I also like the level of control given and the ability to see the masking for each of the 3 steps of advanced sharpening.

With these results, it's almost worth buying PWP for the sharpening capabilities alone. Very impressive.


  1. Aha, a fellow cyclist! have you thought about using Photokit? It really is excellent.

  2. Colin, I took a look at Photokit Sharpener on your suggestion, here's my take:

    First up it's a full PS plug-in so no good for me (I don't and won't own a full copy of Photoshop). Second it's pretty expensive for a single-function plug-in. For all that it better be real good.

    So I read the manual and looked through the examples to see if I'd otherwise be interested. I don't think so. It is way too black-box for me. while they advertise the "full control" actually all you get are a large number of presets. I don't see anything that lets the user know exactly where and how much the tool is applying. Of course you could a apply masks to look at the differences but that is after the fact.

    The other major drawback (and what I was specifically looking at here) is that it still introduces artefacts - at least they are up-front about it. I suppose the fact that they have a 3-stage (fiddly) process means that enlargement would precede output sharpening, overcoming some of that particular problem.

    All-in-all not for me, and judging by the results I still think PWP advanced sharpening trumps it and PWP as a total package is cheaper, too.
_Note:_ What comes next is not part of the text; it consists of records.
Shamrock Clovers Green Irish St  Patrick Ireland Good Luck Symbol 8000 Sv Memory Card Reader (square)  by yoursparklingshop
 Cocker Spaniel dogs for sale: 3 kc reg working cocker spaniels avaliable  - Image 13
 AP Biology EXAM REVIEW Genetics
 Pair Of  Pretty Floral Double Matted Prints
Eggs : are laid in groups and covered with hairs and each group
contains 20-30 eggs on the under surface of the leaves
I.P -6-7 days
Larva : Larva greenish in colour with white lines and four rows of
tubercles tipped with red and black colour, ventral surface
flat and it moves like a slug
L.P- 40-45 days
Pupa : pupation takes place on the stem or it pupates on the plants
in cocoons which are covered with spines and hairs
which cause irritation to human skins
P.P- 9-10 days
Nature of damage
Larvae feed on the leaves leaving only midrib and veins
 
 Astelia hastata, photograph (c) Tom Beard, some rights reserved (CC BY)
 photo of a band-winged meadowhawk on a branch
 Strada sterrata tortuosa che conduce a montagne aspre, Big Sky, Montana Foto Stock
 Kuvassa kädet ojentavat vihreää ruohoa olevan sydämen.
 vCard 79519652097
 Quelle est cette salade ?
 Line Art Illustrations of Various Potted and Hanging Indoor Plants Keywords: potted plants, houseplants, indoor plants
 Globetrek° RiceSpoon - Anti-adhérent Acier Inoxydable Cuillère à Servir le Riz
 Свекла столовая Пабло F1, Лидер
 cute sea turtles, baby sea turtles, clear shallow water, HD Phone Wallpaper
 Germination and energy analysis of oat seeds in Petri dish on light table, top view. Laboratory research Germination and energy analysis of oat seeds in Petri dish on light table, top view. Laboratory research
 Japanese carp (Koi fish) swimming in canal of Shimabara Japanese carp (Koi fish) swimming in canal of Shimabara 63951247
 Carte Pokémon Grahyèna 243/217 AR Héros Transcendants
  3. This may interest you, "Real World Sharpening with Adobe Photoshop CS2" by Bruce Fraser, I am most of the way through reading it, £13 from Amazon and it is not really Photoshop specific. It explains the reasoning behind multipass (3 stage) sharpening and Photokit. Very, very good! It also explains how to do all the steps that the "black box" actions do but manually and why some aspects of sharpening cannot be judged on the monitor alone. These methods are completely non destructive and you can subtract and add to the effects as you please. The only overhead is file size. Fraser makes a strong argument that you cannot optimise sharpening in a single pass. I am only an amateur but my prints have never looked so good since I adopted the approach!